退職金にかかる所得税は勤続20年を超えると所得から差し引ける額が増え減税幅が拡大される仕組みとなっているが、転職が増えている現状にそぐわないとの指摘があることから見直しを議論するという。中里実政府税制調査会会長は総会後の記者会見で、老後の資産形成に関する税制について「働き方により支援が違うなど課題がある。細分化された制度を総合的に検討する必要がある」と指摘したそうなのだ。そのうえ高齢の親から高齢の子が財産を相続する「老老相続」が広がれば生活にお金がかかる現役世代への資産移転が進みにくくなることから、政府は個人消費への影響を懸念していることもあって、政府税調は相続税や贈与税を見直して現役世代への生前贈与を促す必要があるかどうか検討するという。
「税金率をアップしても公平に使われているという感じは全くない」とか、「日本はお金を稼ぐ時だけでなく、使う時、自分のものを子どもに譲る時など、あらゆる場面で税金がかかり過ぎる感がある」といった意見も強いことから、中里会長は総会のあとの記者会見で「老後の資産形成の支援制度については、専門的な論点も多いので、時間をかけて丁寧に議論を進めたい」と述べたという。産業形態における働き方が多様化し確定申告が必要な人が増えていることを踏まえ、スマートフォンなどによる電子納税の拡大策も議論するというのだ。インターネットを介した民泊やフリーマーケットなど急速に広がる個人間取引や売買で得た所得を税当局が把握する方法や国際的な課税逃れへの対策なども焦点となっている。
政府税制調査会では委員の間から来年に予定されている消費税率の引き上げを確実に実施するよう求める意見が多く、「日本の社会保障制度は、このままでは持続不可能で、来年の消費増税を確実に実施しないといけない」とか、「社会保障費の増加がどれだけ日本の財政を圧迫しているか、そしてその社会保障費の財源として消費税があるということをわかりやすく伝える必要がある」といった意見が出たという。さらに「消費税率は将来的には 10 %では収まらない可能性が高いと考えている。 10 %以降の税率についても議論が必要だ」とか、消費増税の際に導入される軽減税率の制度について「導入は決定したことだが、実施のコストに見合う効果があるのかどうか、実際に制度を運用する際に考える必要がある」という意見も出たという。

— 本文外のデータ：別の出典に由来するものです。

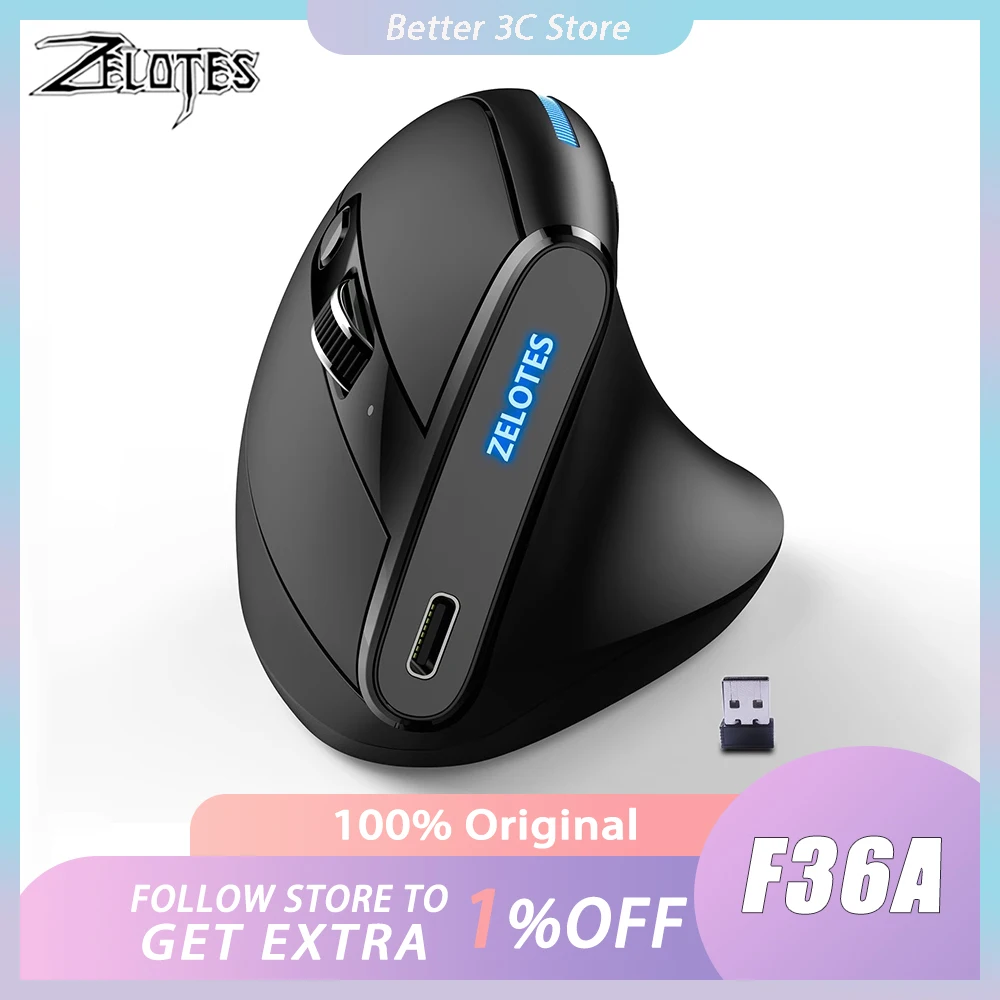 ZELOTES F36A Vertical Hand-held Wireless Mouse Ergonomics 600mAh Long Battery Life Rechargeable Mouse PC Gamer Designer Custom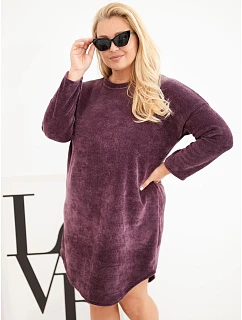 Dámské šaty Plus Size manšestrové s volným střihem fialová tmavá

来年 10 月に予定する消費税率 10% への増税時に導入する軽減税率の財源として 0.6 兆円を確保すると強調し、金融所得課税の税率引き上げ分を財源に充てることに関しては「税率が若干軽いのも事実だが株式市場への影響を注意深く見る」と述べ慎重な姿勢を示した。軽減税率は低所得者の負担を軽くする目的で食料品などを増税対象から除く制度だが、約 1 兆円が必要とされ 0.4 兆円分は財源のメドが立っており、残りの 0.6 兆円を確保するためこれまでの税制改正で一部の財源を確保しているのは確かで残りを精査するとした。 0.6 兆円には昨年の税制改正で決めた所得増税とたばこ税の引き上げ分を充てる案があるが、株式の配当や譲渡益に利子などの金融所得課税の税率引き上げには消極的な意見が多かったと言う。